# Check my hedgie home?



## timesnewlauren (Nov 30, 2015)

Hey all, I've been following this forum for a few months in preparation for bringing my quill baby home. It's already helped me with a lot, like having a water dish over a bottle, safe toys and treats, and that the silent spinner I got in preparation was unsafe (so glad I found this out ahead of time!) But now he's finally home (I'm thinking Quilliam or Quigley, but I'm undecided), and after I purchased a few new things on the way, I just wanted to check and see if everything seems safe and happy for my tiny friend.

As a note, the current wheel is a temporary solution while I wait for my csbw to arrive. It was the safest-looking one I could find at the petstore, I know it's not ideal, but he is still small enough that the size is okay and it should be switched out in about a week. 

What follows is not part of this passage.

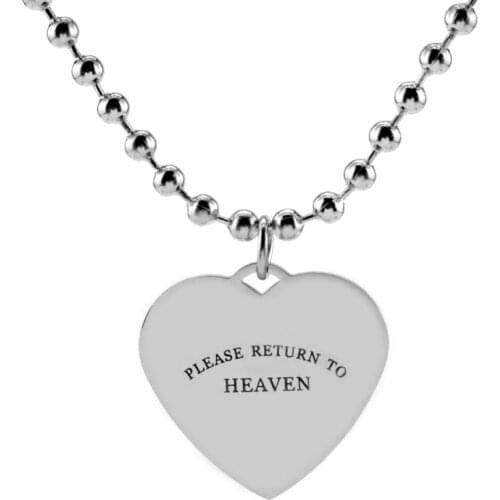 Stainless Steel Heart Necklace for Women PLEASE RETURN TO HEAVEN Pendant Choker Charms Jewellery Necklaces for Teen Girls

Also, I'm currently using care fresh but considering switching to fleece at some point. My only concern is that, in the short time I've had him, I've noticed that he LOVES to burrow and dig and push things around with his nose, and I'm concerned that he'll miss that with the fleece. Thoughts?


----------



## twobytwopets (Feb 2, 2014)

What is your heating source? 
A lot of hedgies do fine fulling their digging needs with a dig box.


----------



## timesnewlauren (Nov 30, 2015)

twobytwopets said:


> What is your heating source?
> A lot of hedgies do fine fulling their digging needs with a dig box.


I have a CHE bulb in that light above him. I tried to get it in the picture but it's tricky to see with the day-light on. It's been keeping pretty well between 76 and 78 degrees.


----------



## nikki (Aug 28, 2008)

Do you have the CHE connected to a thermostat?

You need to have a lid on the bin too, even a baby hedgehog can escape a bin if they want to.


----------



## timesnewlauren (Nov 30, 2015)

nikki said:


> Do you have the CHE connected to a thermostat?
> 
> You need to have a lid on the bin too, even a baby hedgehog can escape a bin if they want to.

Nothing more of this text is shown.